# [Exercise description]
Stop at the line containing "Opel Adam 1.0 T Rocks - 33": repeat exactly every line of the entries below from the first up to it, plus that line, with pictures omitted.

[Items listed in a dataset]
◇ ◇ ◇
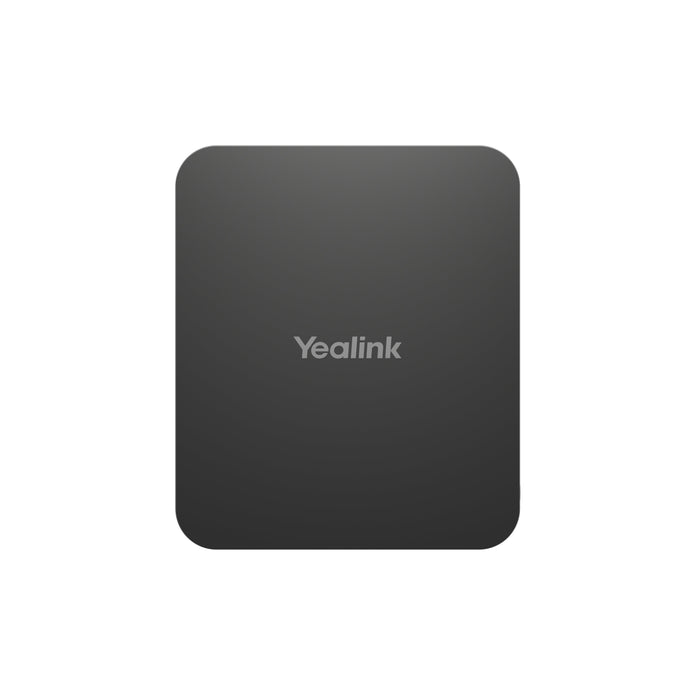 EAN 6938818310575 - Yealink MCore-PRO-MS Intel® Core™ i5 8 GB DDR4-SDRAM 128 GB SSD Windows 10 IoT Enterprise Mini PC Negro imagen 3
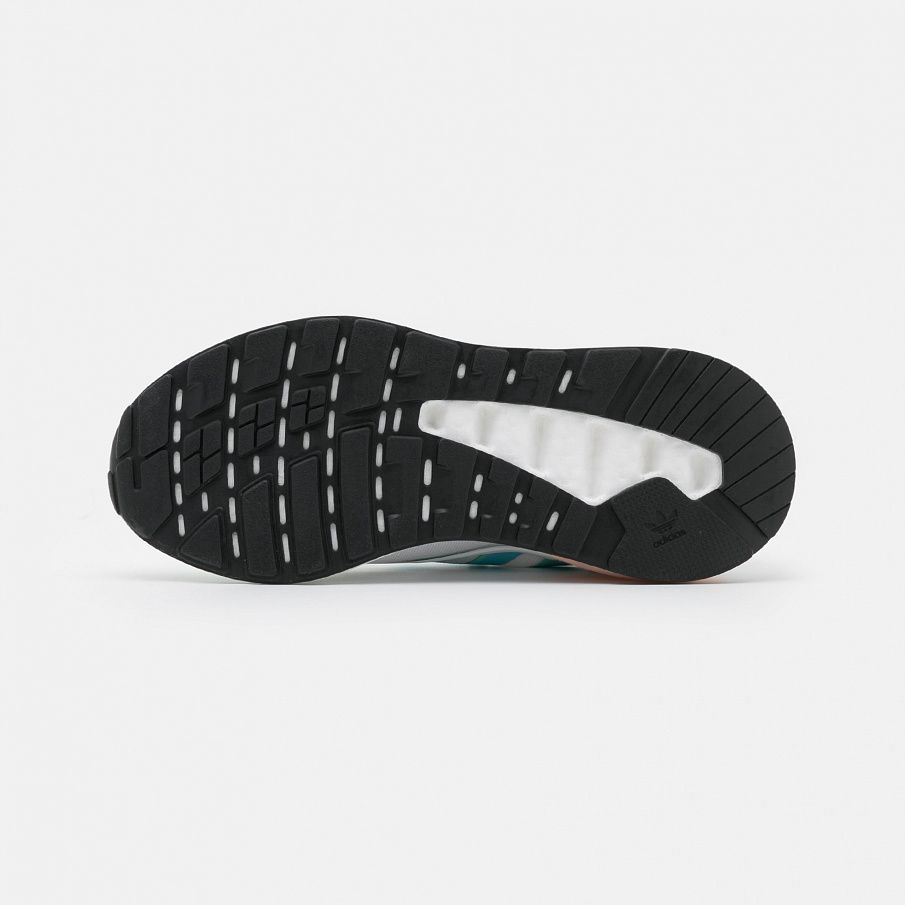 Фото № 5 с приближением к товару «‎Adidas ZX 2K Boost »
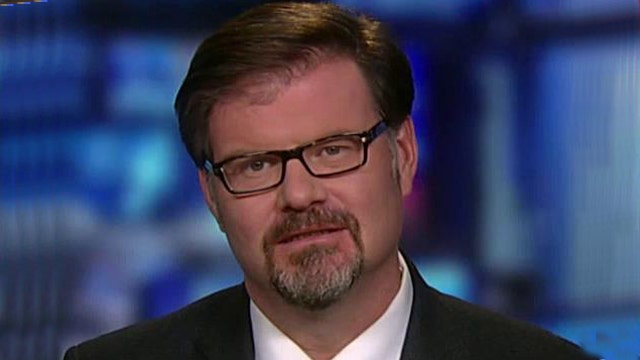 Jonah Goldberg on comment that gov't is 'full of Grubers'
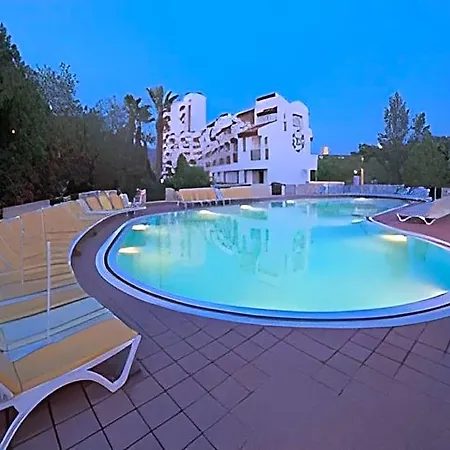 Sentinus Hotel Gokcealan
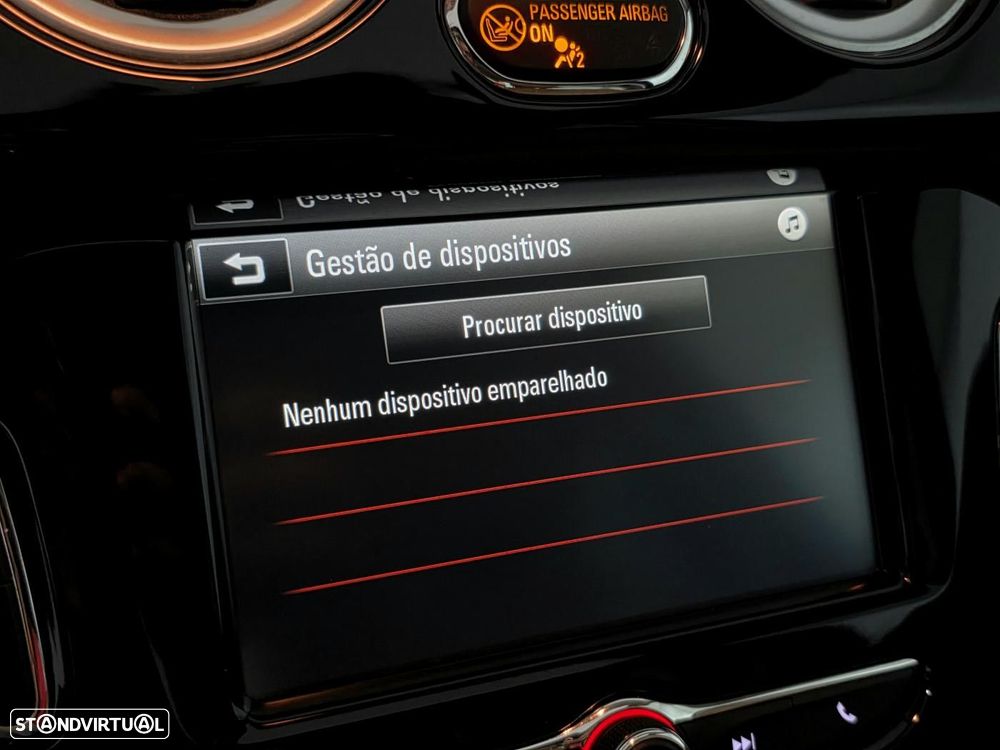 Opel Adam 1.0 T Rocks - 33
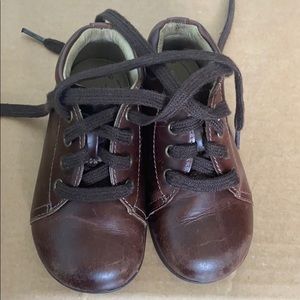 Stride rite toddler shoes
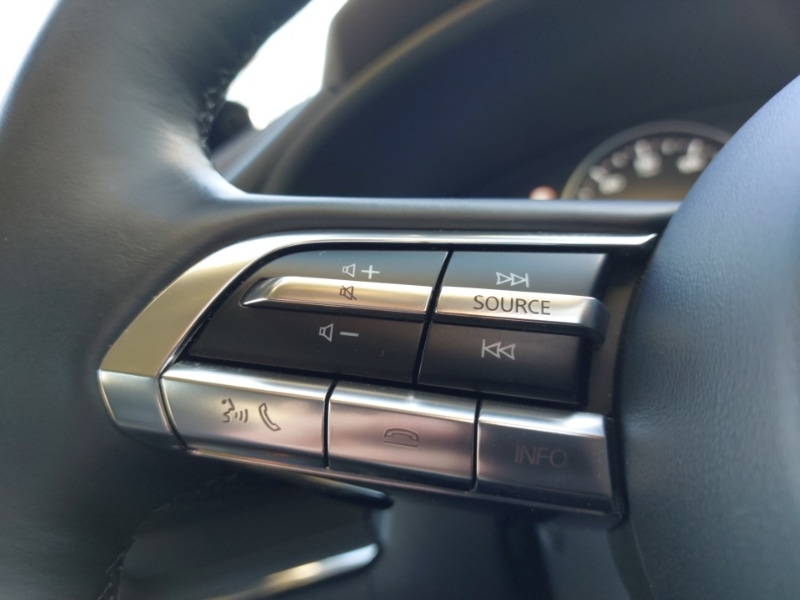 Used Mazda CX-30 2022 for sale - 76695994: Photo 17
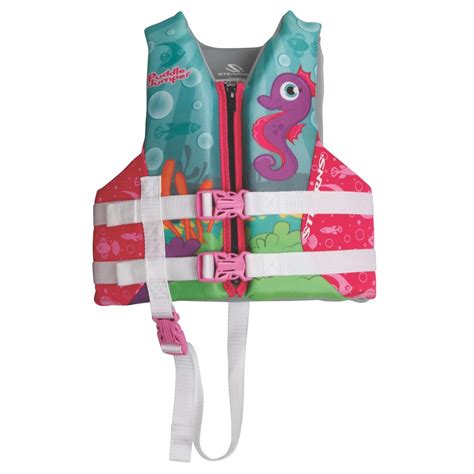 Toddler Life Jackets - Boater Kids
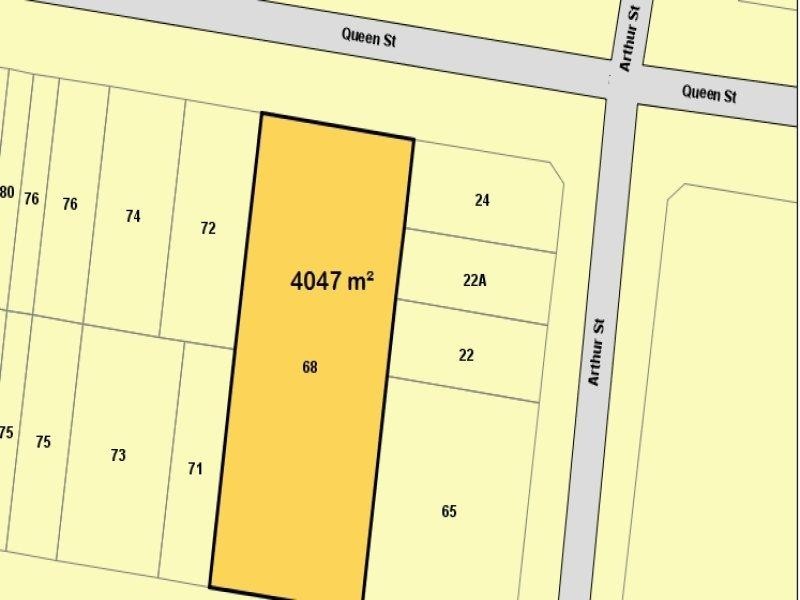 68 Queen Street, Yeppoon QLD 4703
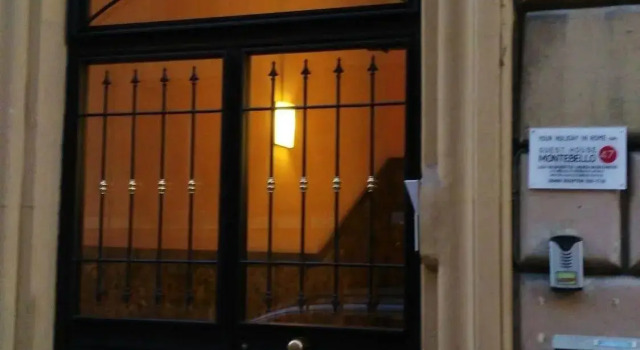 GuestHouse Montebello47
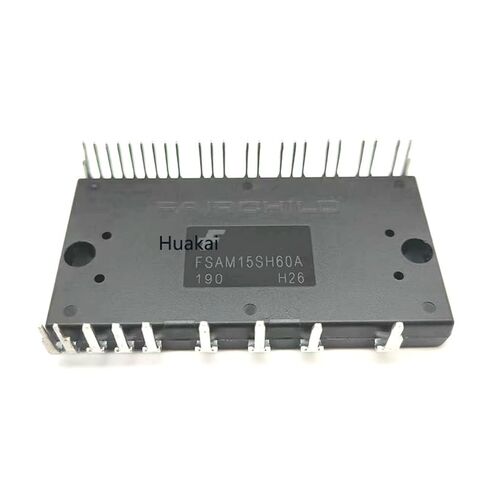 1pcs FSAM15SH60A FSAM20SH60A FSAM30SH60A FSAM50SH60A IPM 30A 600V(FSAM20SH60A) in Saudi Arabia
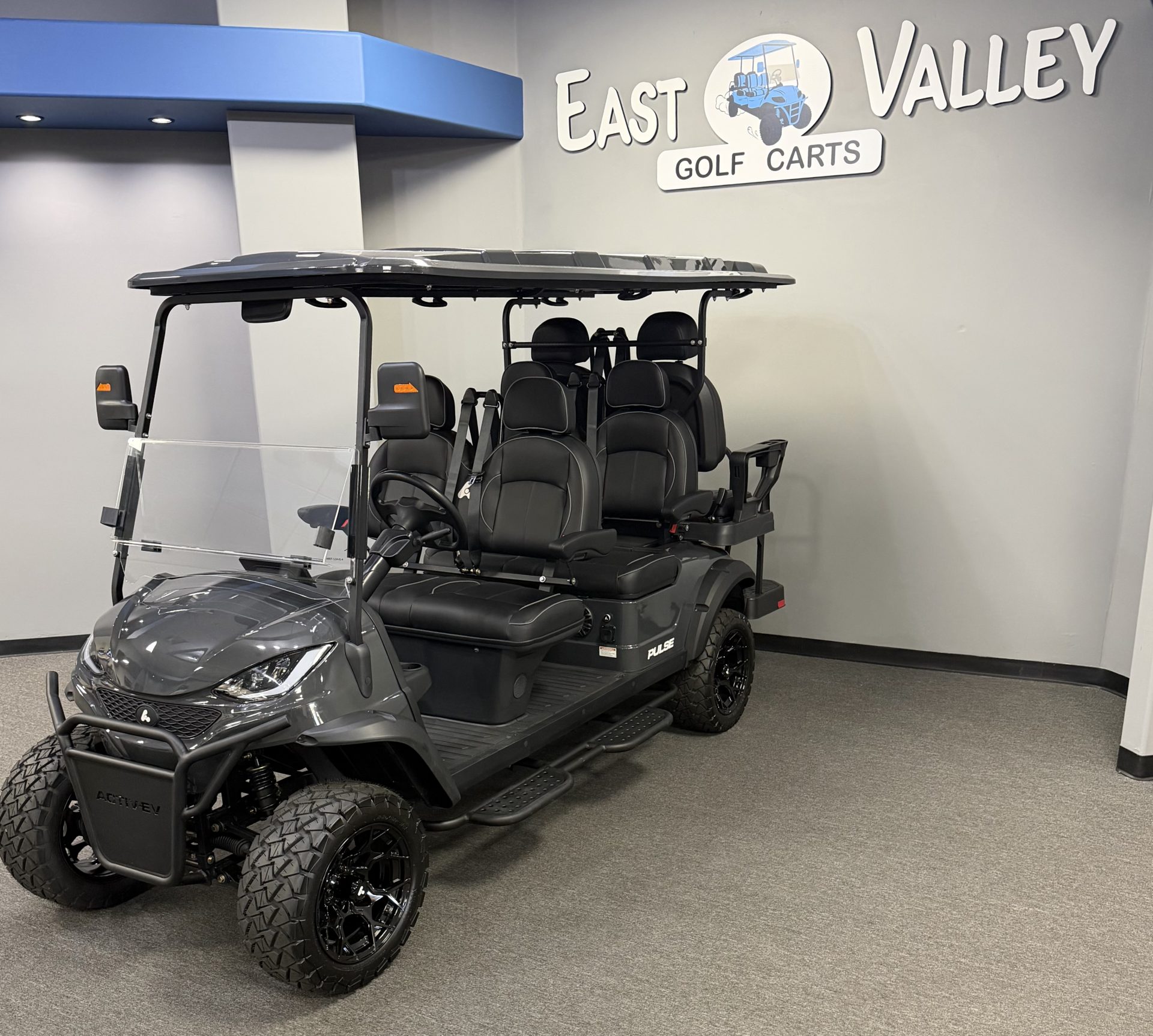 2026 ActivEV Pulse 6L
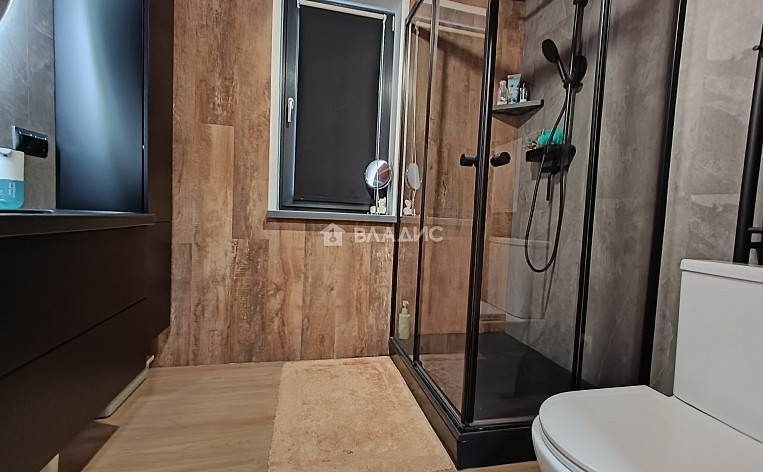 Дом 116.70м², фото 40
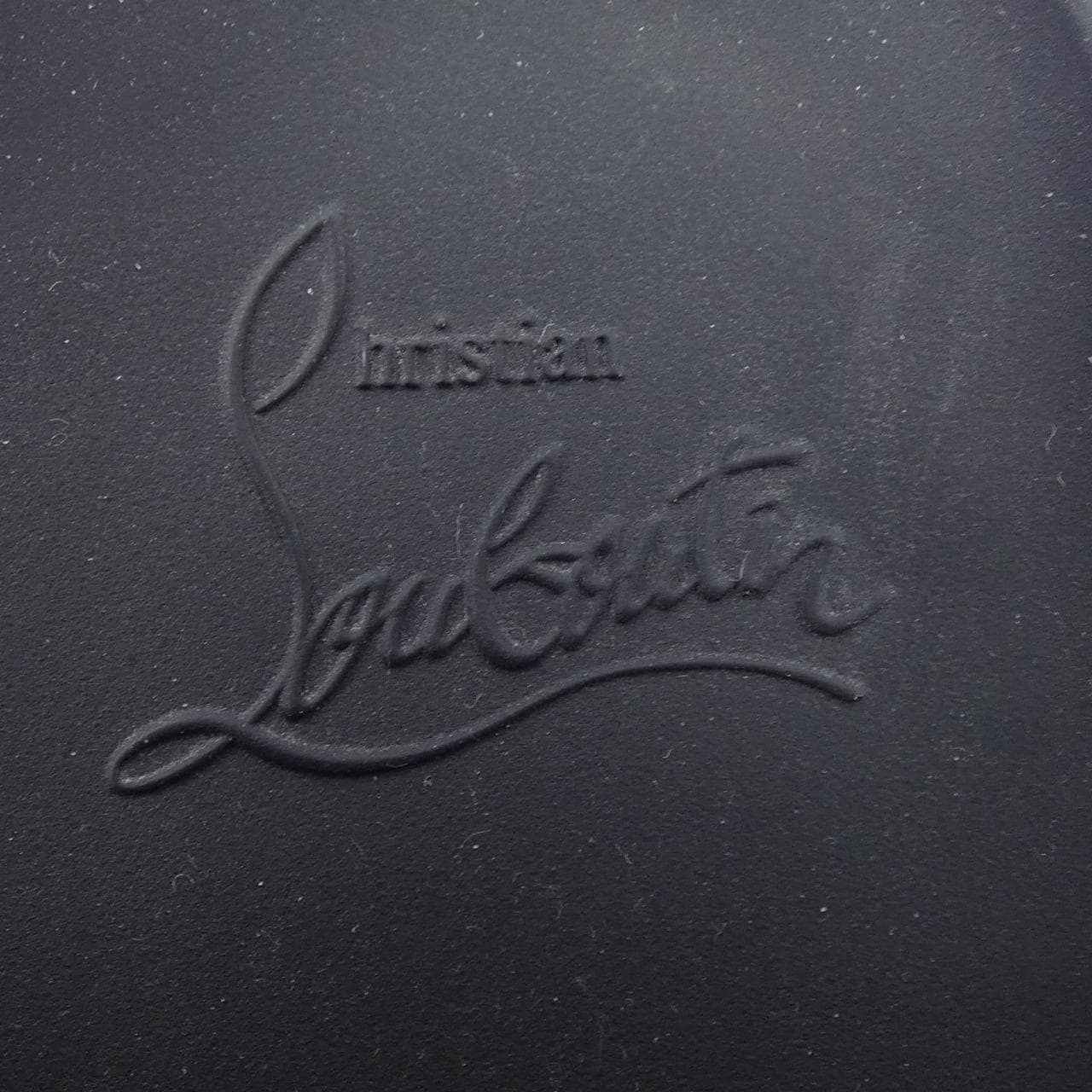 クリスチャンルブタン CHRISTIAN LOUBOUTIN サンダル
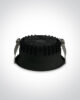 Allvalgusti LED 9W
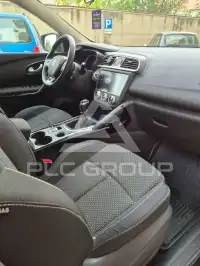2020 Renault Kadjar
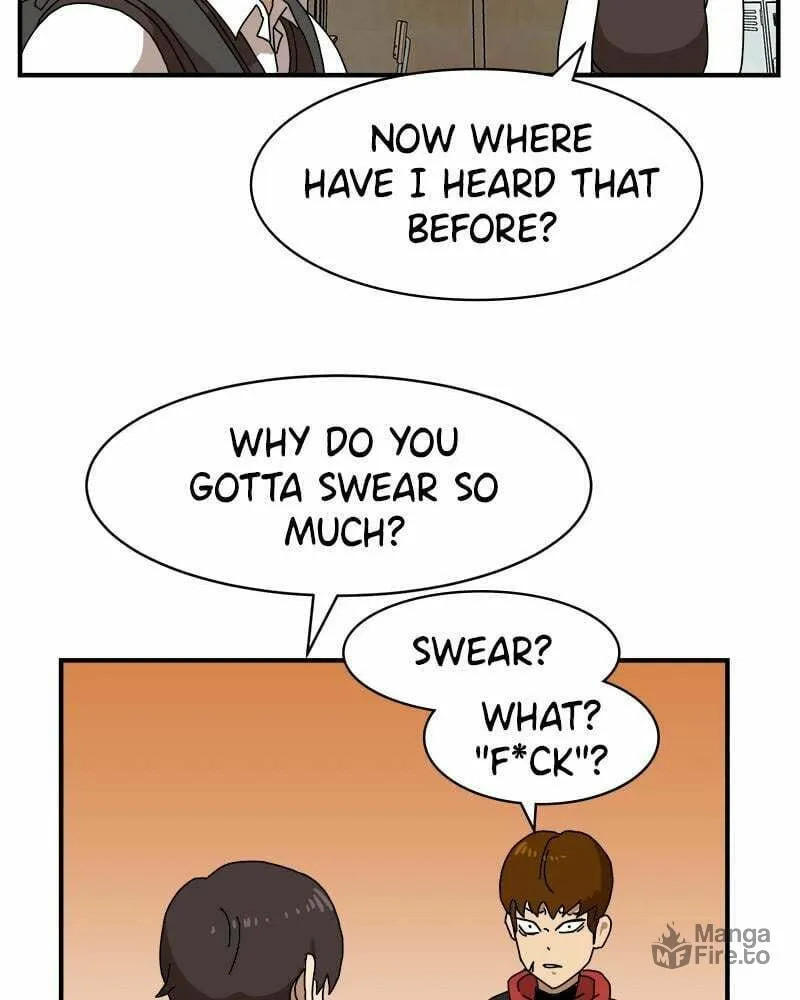 Double Click Chapter 8 page 36 - 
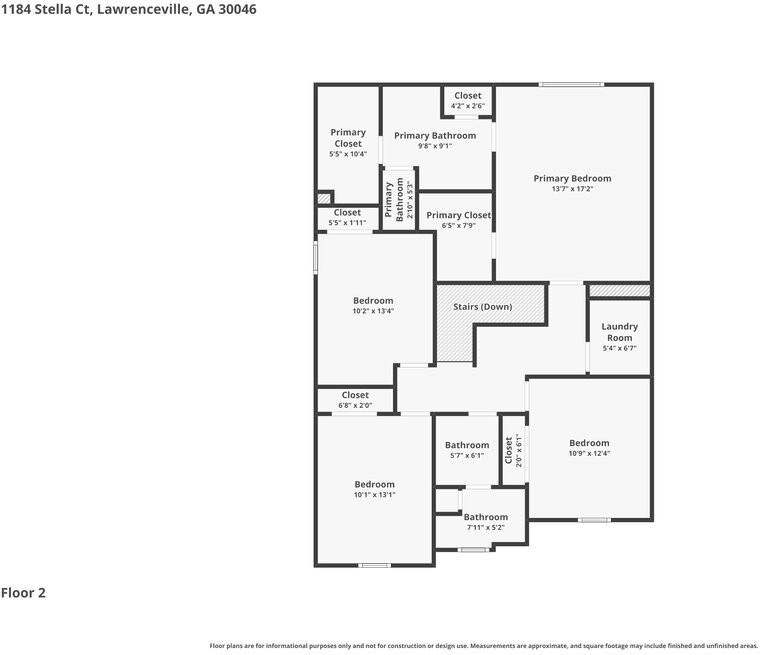 1184 Stella Ct - Photo 3 of 17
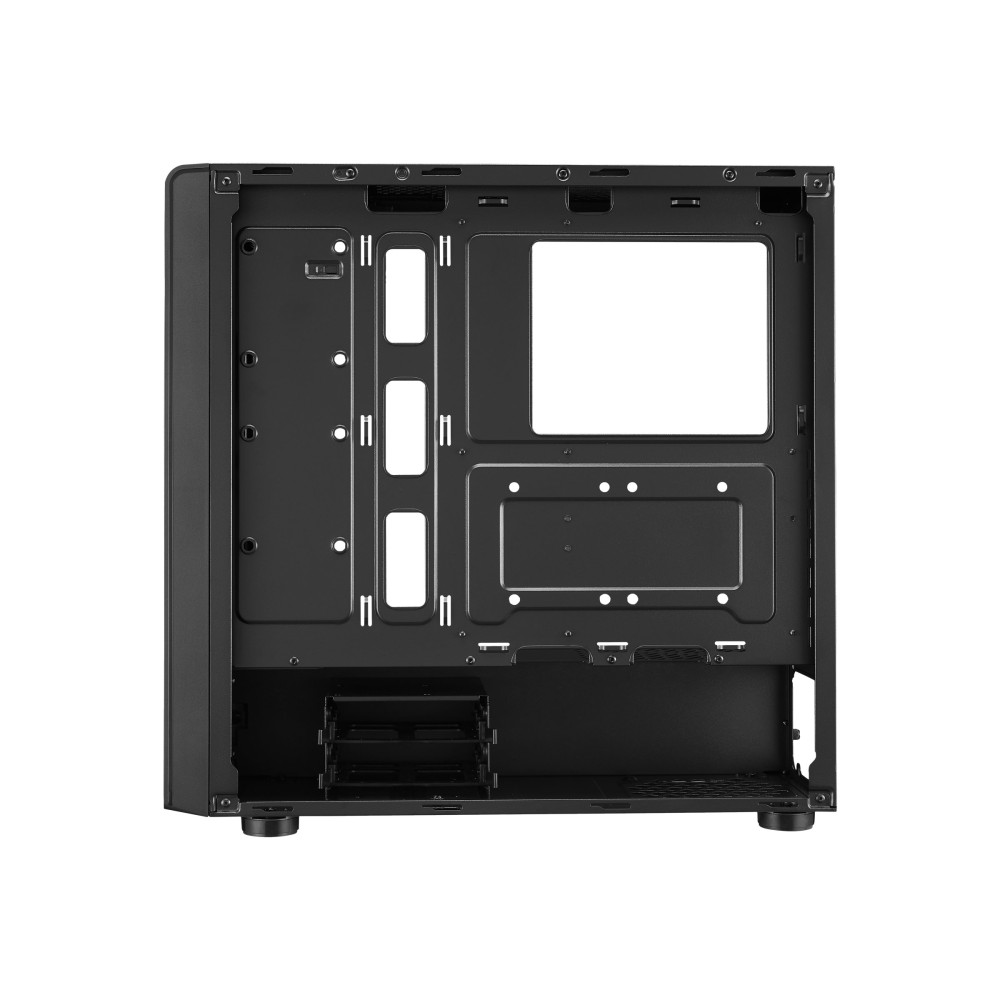 Produktbild för Cooler Master Elite 500 ODD - mid tower - ATX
◇ ◇ ◇
# [Your solution]
 EAN 6938818310575 - Yealink MCore-PRO-MS Intel® Core™ i5 8 GB DDR4-SDRAM 128 GB SSD Windows 10 IoT Enterprise Mini PC Negro imagen 3
 Фото № 5 с приближением к товару «‎Adidas ZX 2K Boost »
 Jonah Goldberg on comment that gov't is 'full of Grubers'
 Sentinus Hotel Gokcealan
 Opel Adam 1.0 T Rocks - 33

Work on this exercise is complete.